There is sometimes much confusion in religious communities about forgiveness, not only God’s forgiveness but also forgiving each other, and perhaps more importantly, forgiving ourselves.
Some say only God can forgive, that it is not in our gift to forgive someone who has hurt or wronged us, but that misses an important point. The mother of one of the Moors Murder victims swore she would never forgive those who abducted and killed her little daughter. I remember hearing her saying: ‘Even after my death, I will come back and haunt them.’
Now it can never be easy to forgive such a horrible thing as she suffered, but that lady did eventually die a bitter, twisted old woman. You could therefore say that the murderous twosome took her life along with that of her daughter.

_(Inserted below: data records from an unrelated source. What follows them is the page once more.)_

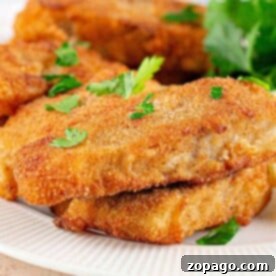 Close-up of crispy Fish Fry fillets, perfectly breaded and fried, garnished with fresh parsley on a pristine white plate.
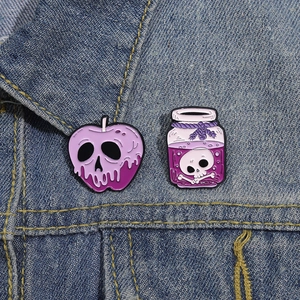 Halloween enamel pins set featuring poison apple and skull potion on denim jacket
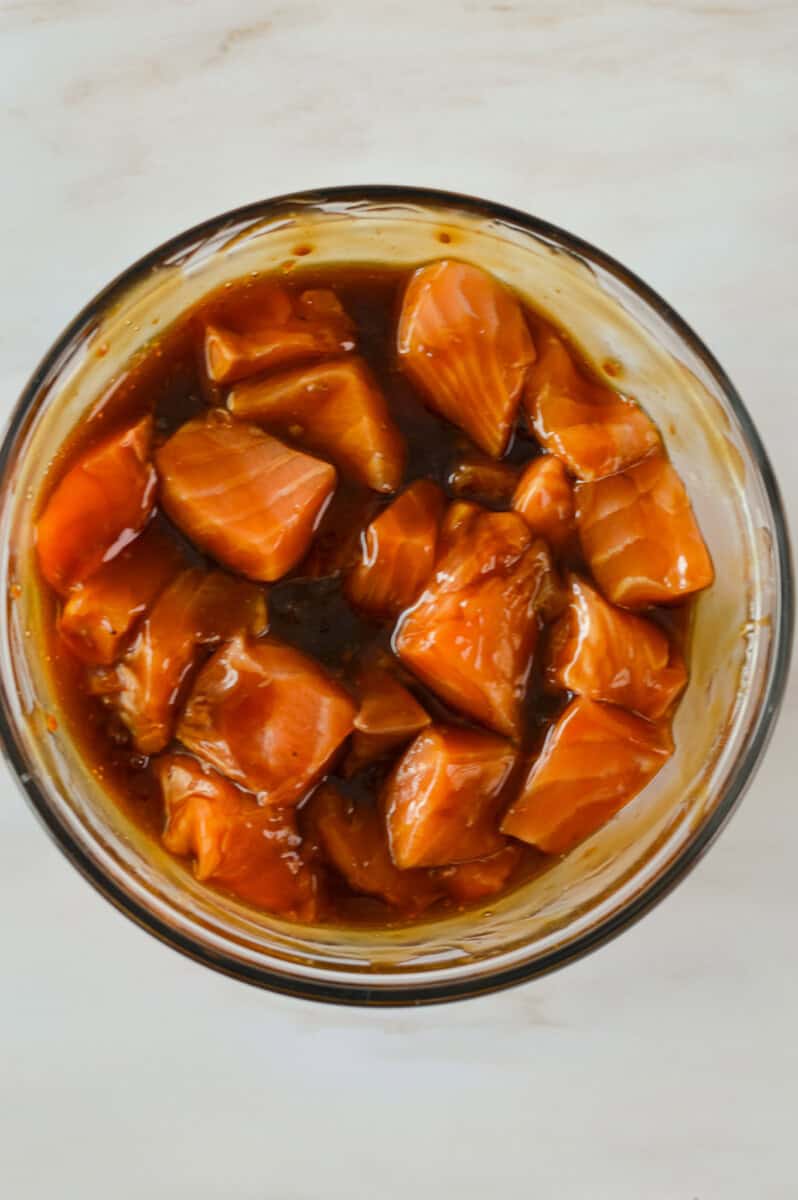 Marinating cubed salmon in teriyaki sauce.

I think of another example. A young woman was brutally raped by an intruder who went on to murder her father, and the terribly traumatised girl was forced to watch as he was clubbed to death. What she said, years later when her physical wounds had healed, was instructive: ‘I fully forgive that man, for if I didn’t it would twist me up inside, and I would never allow him to have that control over me.’
The point is that forgiveness can benefit the forgiver far more than the one who is forgiven. Yet sometimes it can be easier to forgive others than it is to forgive ourselves. Why is that? Perhaps, as R T Kendall suggests, it’s because we really don’t feel that we are forgiven by God, and when you listen to some of the rubbish presented as truth by some preachers, that’s quite understandable: like the great video screen in the sky in the ‘sweet bye and bye’, recording and showing every sordid detail of our lives to a boggle-eyed world, a lie designed by dubious pastors to keep their flock imprisoned in fear and keep them in a job.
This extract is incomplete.